Next week, BHP Group Ltd (ASX: BHP) shares will be in focus when the mining giant releases its latest quarterly update.
Ahead of the release, let's take a look to see what the market is expecting from the Big Australian on 18 October.
BHP quarterly update preview
According to a note out of Goldman Sachs, it is expecting BHP to report production declines across the board during the first quarter of FY 2024.
From the miner's copper operations, the broker has pencilled in production of 439Mt, which is down 8% quarter on quarter. The consensus is a little more positive and expects copper production to come in at 450Mt for the three months.

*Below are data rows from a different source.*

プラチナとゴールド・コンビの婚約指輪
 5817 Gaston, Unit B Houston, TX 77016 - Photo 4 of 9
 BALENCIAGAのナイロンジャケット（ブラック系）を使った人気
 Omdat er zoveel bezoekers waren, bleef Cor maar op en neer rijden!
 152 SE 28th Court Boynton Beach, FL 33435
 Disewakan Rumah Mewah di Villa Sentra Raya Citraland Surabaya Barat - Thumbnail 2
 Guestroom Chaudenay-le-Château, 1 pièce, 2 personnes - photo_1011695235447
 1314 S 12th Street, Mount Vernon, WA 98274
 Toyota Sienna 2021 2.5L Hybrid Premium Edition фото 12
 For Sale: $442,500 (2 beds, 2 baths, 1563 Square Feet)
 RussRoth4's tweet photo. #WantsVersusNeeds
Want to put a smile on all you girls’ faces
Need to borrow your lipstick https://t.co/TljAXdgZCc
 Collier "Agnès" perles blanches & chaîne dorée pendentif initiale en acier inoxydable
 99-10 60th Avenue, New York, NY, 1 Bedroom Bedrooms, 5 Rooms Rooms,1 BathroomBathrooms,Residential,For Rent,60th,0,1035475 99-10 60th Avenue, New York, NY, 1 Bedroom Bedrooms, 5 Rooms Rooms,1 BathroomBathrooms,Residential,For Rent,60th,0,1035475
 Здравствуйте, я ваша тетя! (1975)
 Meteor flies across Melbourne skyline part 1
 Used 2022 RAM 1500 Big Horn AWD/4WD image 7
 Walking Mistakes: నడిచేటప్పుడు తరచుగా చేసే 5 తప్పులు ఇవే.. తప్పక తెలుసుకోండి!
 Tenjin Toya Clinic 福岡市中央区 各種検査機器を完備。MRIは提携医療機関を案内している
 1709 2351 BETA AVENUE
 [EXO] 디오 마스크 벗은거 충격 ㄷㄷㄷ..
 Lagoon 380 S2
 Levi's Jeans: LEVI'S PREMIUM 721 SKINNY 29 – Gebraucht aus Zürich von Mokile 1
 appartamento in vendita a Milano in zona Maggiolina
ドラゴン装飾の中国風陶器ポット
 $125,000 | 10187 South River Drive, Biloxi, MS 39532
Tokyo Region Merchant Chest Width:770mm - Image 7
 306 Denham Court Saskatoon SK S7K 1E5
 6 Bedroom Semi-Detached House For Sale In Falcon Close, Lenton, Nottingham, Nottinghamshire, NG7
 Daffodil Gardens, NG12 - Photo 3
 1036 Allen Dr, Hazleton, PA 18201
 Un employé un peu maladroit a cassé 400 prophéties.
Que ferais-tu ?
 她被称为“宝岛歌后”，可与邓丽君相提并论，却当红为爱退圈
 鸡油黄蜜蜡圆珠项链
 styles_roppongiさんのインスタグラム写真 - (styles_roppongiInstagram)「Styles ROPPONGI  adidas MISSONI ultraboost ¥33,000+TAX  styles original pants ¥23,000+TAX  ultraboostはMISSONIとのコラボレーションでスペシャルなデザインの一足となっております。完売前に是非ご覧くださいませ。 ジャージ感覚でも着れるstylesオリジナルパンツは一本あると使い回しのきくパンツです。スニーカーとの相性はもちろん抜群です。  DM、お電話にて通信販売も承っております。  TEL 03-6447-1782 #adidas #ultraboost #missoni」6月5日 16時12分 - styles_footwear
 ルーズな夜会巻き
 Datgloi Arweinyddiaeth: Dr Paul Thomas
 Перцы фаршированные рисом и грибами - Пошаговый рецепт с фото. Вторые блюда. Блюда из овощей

As for its key iron ore operations, Goldman is forecasting production of 68.8Mt. This represents a quarter on quarter decline of 3%. Though, once again, the market is expecting a stronger result, with the consensus estimate implying a modest quarter on quarter lift in production to 71.6Mt.
Finally, Goldman believes that met coal and nickel production could disappoint with 16% and 19% declines quarter on quarter, respectively. This will mean met coal production of 71.Mt (versus consensus 7.4Mt) and nickel production of 17.9kt (versus consensus 19.6kt).
Are BHP shares a buy?
Despite forecasting below-consensus production from the mining giant, Goldman still has a buy rating and a $46.50 price target on BHP's shares. This implies a modest upside of 3.3% from current levels.
Elsewhere, the team at Morgans is more bullish and has a buy rating and a $50 price target on its shares. This suggests a more appealing 11% return over the next 12 months.
In addition, both brokers are forecasting attractive dividend yields in FY 2024. Goldman expects a 4.35% yield and Morgans expects a 6.3% yield.